--- Problem to solve ---
Beneath this instruction is a block of data; output from it exactly the lines that run from the one containing "Dog Guard South Carolina - Pet Training" through the one containing "Двухполосная концертная акустическая", inclusive.

Records from a dataset
__________

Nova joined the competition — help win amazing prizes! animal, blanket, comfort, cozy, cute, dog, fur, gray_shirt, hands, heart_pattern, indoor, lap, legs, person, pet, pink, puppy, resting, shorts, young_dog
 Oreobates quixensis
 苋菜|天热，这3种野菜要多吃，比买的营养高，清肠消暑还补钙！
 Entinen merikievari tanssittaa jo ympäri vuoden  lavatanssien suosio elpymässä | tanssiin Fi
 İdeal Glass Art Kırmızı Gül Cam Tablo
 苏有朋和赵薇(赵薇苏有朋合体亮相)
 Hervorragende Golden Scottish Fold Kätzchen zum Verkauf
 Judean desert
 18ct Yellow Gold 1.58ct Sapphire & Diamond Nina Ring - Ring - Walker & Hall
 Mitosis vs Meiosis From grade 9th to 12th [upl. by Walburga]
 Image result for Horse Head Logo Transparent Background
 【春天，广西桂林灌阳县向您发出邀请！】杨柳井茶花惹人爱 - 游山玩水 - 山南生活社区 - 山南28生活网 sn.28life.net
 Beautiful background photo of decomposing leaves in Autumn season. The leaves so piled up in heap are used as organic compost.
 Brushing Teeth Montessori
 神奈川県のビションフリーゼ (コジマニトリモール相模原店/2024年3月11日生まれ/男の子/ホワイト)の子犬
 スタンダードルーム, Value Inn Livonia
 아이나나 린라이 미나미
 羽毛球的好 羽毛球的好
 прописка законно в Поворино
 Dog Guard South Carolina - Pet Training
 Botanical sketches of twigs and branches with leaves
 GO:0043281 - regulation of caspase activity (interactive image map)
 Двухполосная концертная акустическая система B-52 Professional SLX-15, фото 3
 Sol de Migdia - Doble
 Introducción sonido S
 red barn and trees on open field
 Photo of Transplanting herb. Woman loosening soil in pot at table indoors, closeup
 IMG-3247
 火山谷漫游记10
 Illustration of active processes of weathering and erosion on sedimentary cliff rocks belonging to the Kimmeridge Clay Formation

__________

--- Response area ---
 Dog Guard South Carolina - Pet Training
 Botanical sketches of twigs and branches with leaves
 GO:0043281 - regulation of caspase activity (interactive image map)
 Двухполосная концертная акустическая система B-52 Professional SLX-15, фото 3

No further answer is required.